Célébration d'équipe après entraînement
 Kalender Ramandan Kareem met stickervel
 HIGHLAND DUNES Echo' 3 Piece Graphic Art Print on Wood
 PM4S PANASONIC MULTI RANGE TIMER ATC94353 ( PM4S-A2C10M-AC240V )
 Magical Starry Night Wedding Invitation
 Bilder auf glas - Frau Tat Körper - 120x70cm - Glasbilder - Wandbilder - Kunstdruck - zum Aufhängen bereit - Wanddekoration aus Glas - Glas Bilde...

++++

__Exercise prompt__.
Only an exact reproduction of the lines from the one with "PM4S PANASONIC MULTI" to the end of the listing is expected.

__Task solution__.
 PM4S PANASONIC MULTI RANGE TIMER ATC94353 ( PM4S-A2C10M-AC240V )
 Magical Starry Night Wedding Invitation
 Bilder auf glas - Frau Tat Körper - 120x70cm - Glasbilder - Wandbilder - Kunstdruck - zum Aufhängen bereit - Wanddekoration aus Glas - Glas Bilde...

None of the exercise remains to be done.